Background: Anaemia is a frequent adverse event associated learn more with protease inhibitor (PI) therapy for HCV, and is additional to that observed with pegylated-interferon (peg-IFN) and ribavirin (RBV). Management may require blood

transfusions (BT) or RBV dose reduction which may compromise efficacy and tolerability of treatment. Identification of patients at highest risk for severe anaemia would be useful. ITPA polymorphisms, predicting ITPase deficiency, have been associated with protection from ribavirin-induced haemolytic anaemia. We evaluated the association between ITPA polymorphisms and anaemia during PI therapy in a real-world multi-centre cohort. Methods: Patients from Australia and Europe who had received at least 4 weeks of PI (Boceprevir or Telaprevir) in combination with weight-based RBV and peg-IFN were included. Anaemia management was at the discretion of the treating clinician.
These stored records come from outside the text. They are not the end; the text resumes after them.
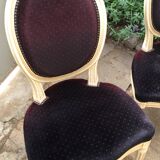 Set of 6 Louis XVI style chairs in patinated wood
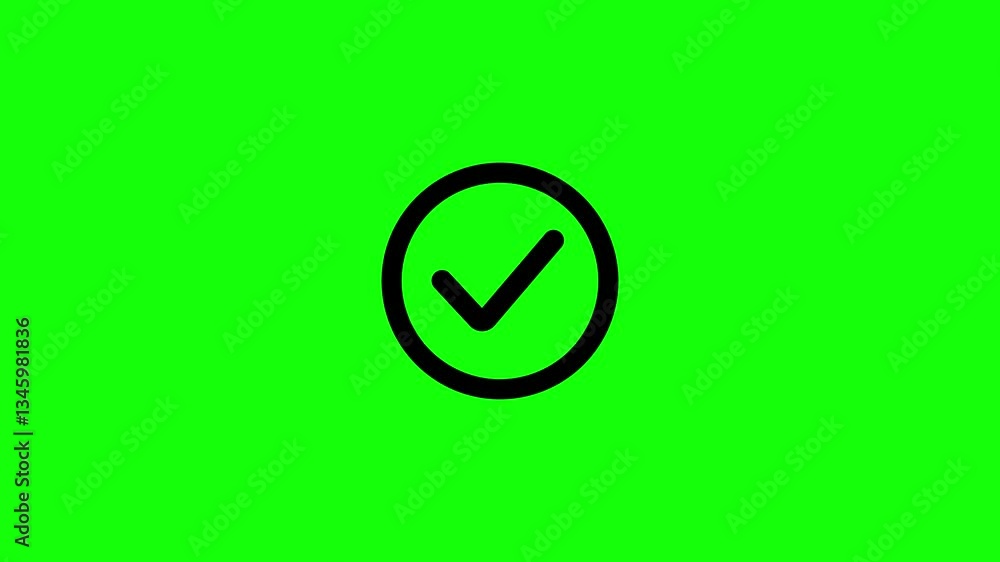 Checkmark animation in a green circle icon, isolated on a green background, symbolizing success or approval with smooth motion. Checkmark animation in a green circle icon, isolated on a green background, symbolizing success or approval with smooth motion.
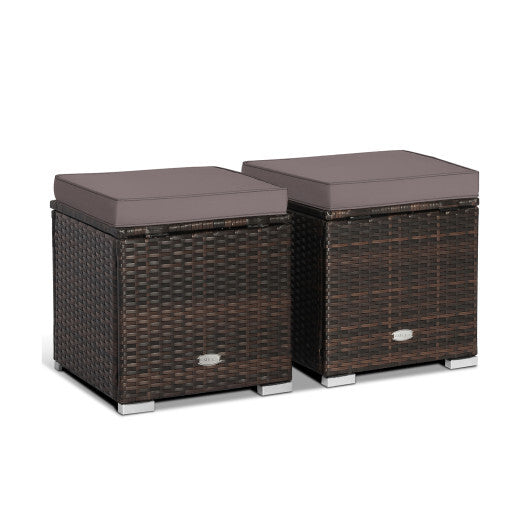2 Pieces Patio Ottoman with Removable Cushions-Gray - Color: Gray LuxuryLifeWay Online Store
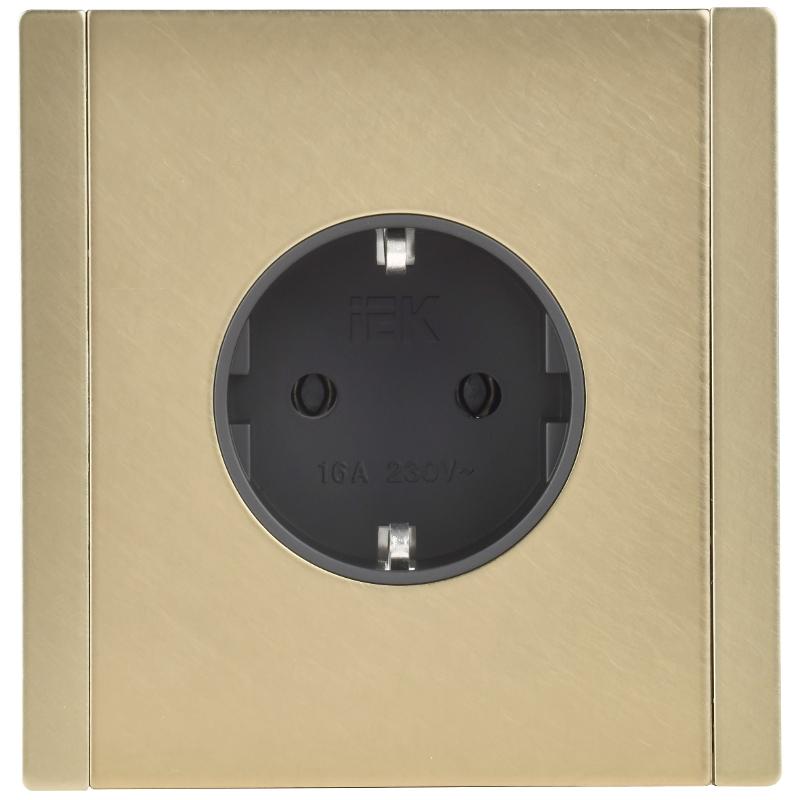 FORTE&PIANO Розетка с заземлением в/к 16А FP616M металл шампань  | FP-R11-16-M-K37 | IEK — миниатюра 2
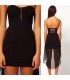 Sexy asymetric black front zipper dress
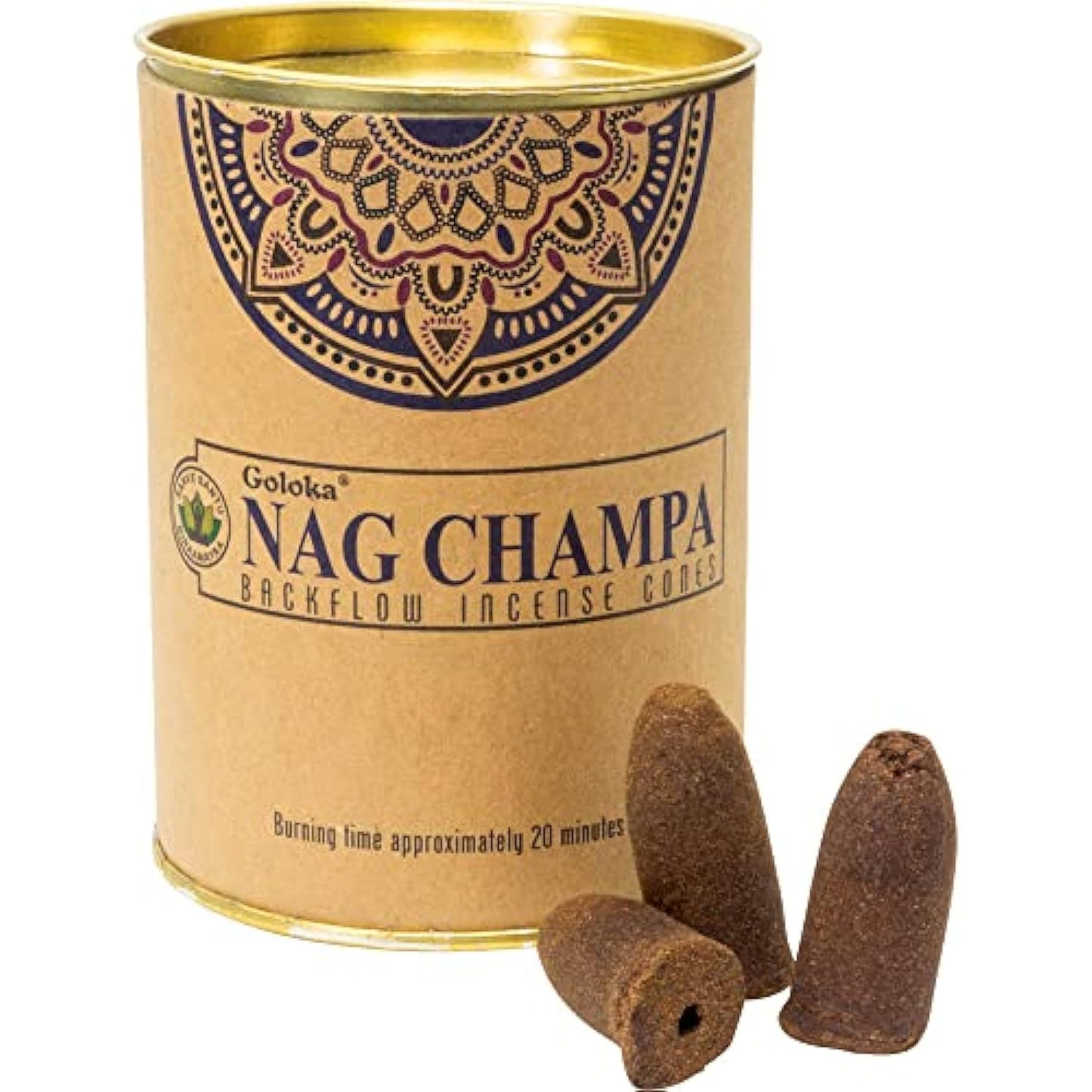 Goloka Backflow Incense Cones Sandalwood Nag Chanpa Palo Santo White Sage 24 Pcs (Nag Champa)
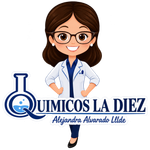 Logotipo de Quimicos La Diez con un científico sonriente con bata de laboratorio y detalles en azul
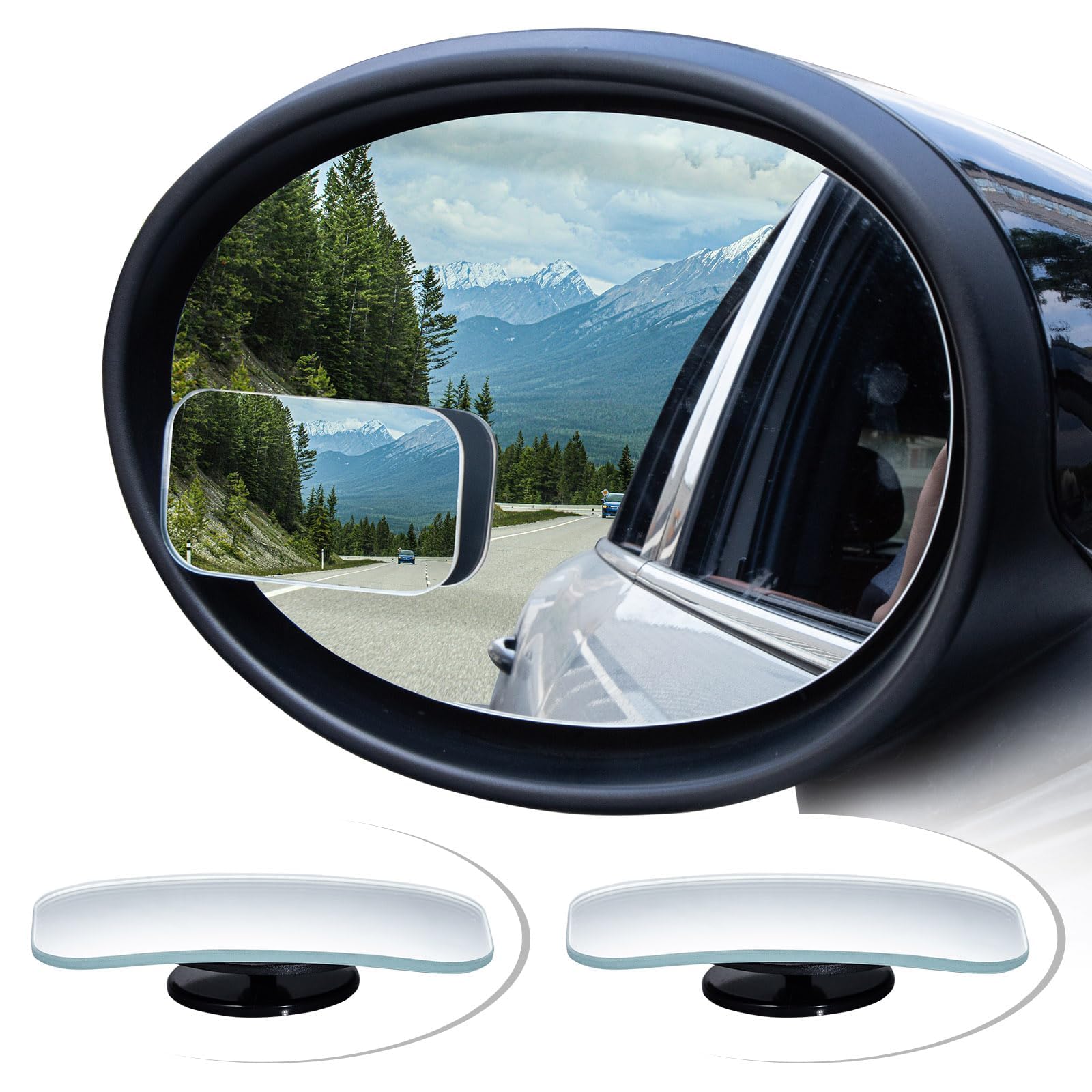 

Spurtar ARM-411R Auxiliary Mirror, 2 Pieces, Square Shape, 15 Degree Swing | 360° Rotation, 5cm срібний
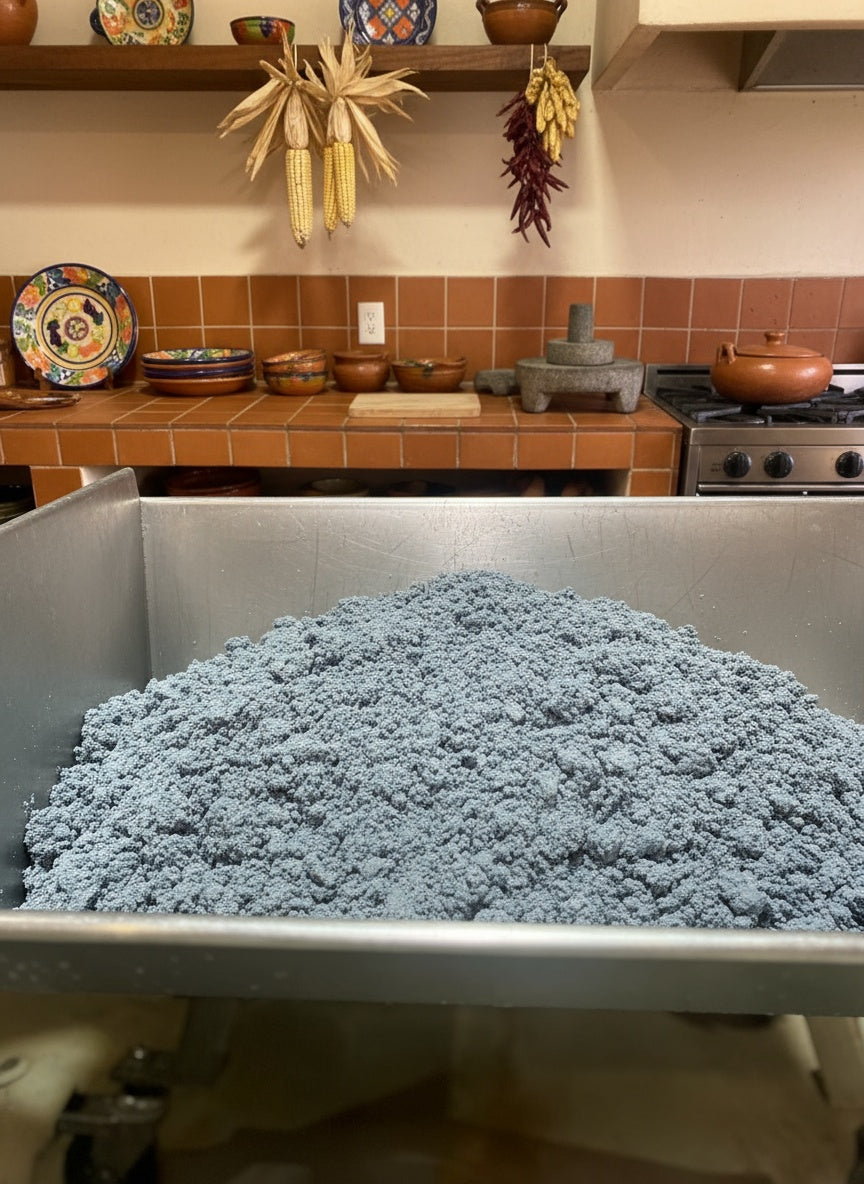 Mexican Blue Corn Masa for Tortillas (Fine Grind) - Available Fridays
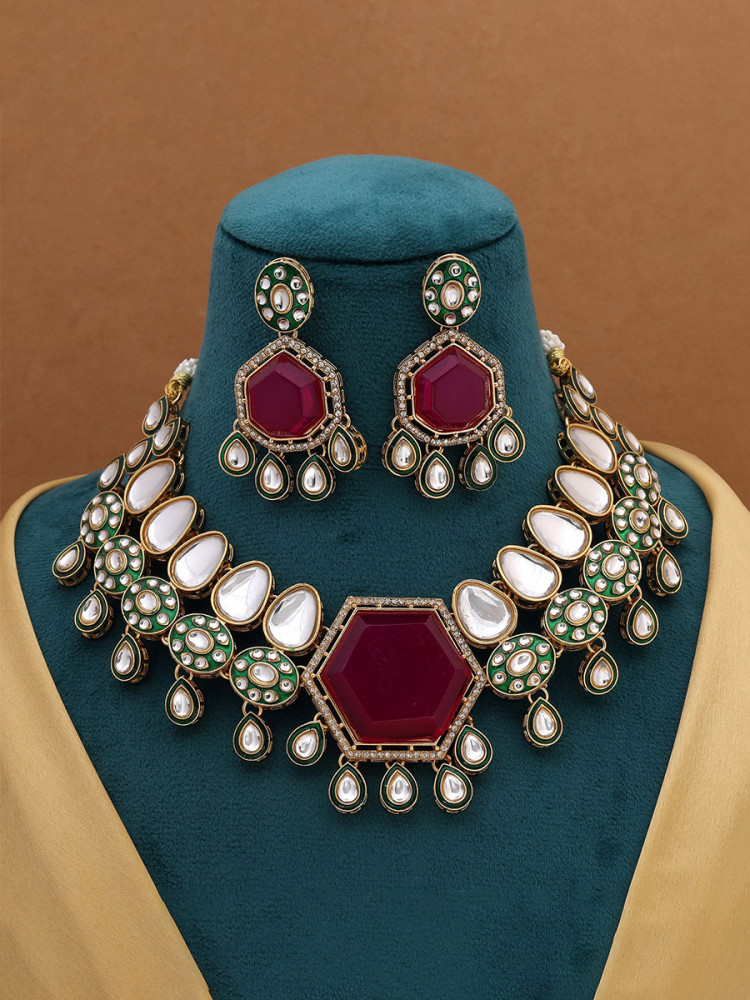 Image of Rani Alloy Wedding Party Festival Wear Meenakari Gemstone Kundan Necklace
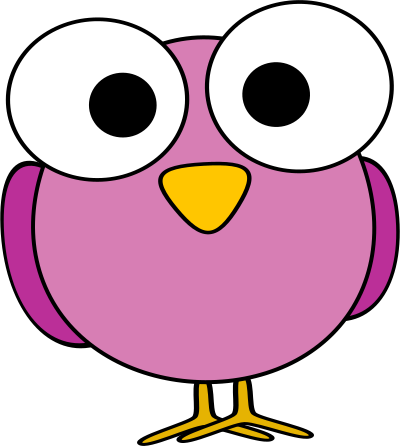 Pink googley-eye bird clipart
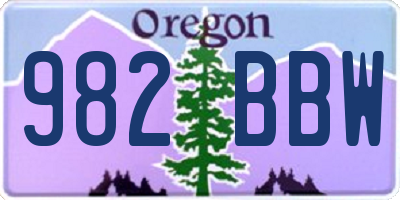 OR license plate 982BBW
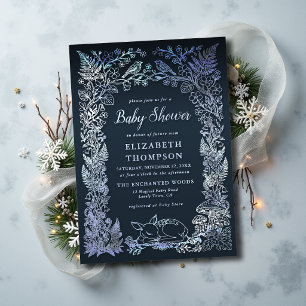 Waldgeschichte-Buch-Schiefer Winter-Baby-Shower Folieneinladung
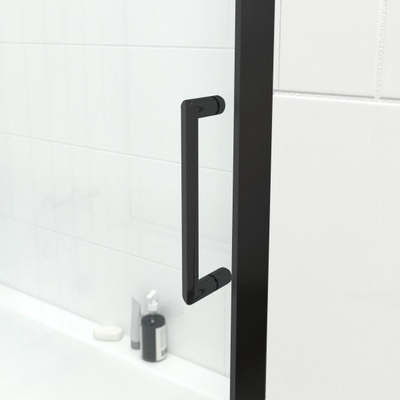 FugaFlow ID06 Quick Fit Page baignoire - Porte coulissante en 2 pièces - 170x150cm - 6mm verre de sécurité - anti calcaire - Noir mat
Haemoglobin (Hb) was evaluated at baseline and 4 weeks after the introduction of PI. ITPA variants (rs7270101 and rs1127354) were determined using the TaqMan Allelic Discrimination Kit, and predicted ITPase activity was estimated as previously described†. ITPase activity was then correlated with week 4 Hb reduction (>30 g/L) after PI commencement (PI anaemia). Results: 164 patients were included: median age was 54.6 years, 42% female, 50% received boceprevir PI therapy, and 83% had METAVIR stage F3-4. Median baseline Hb was 151.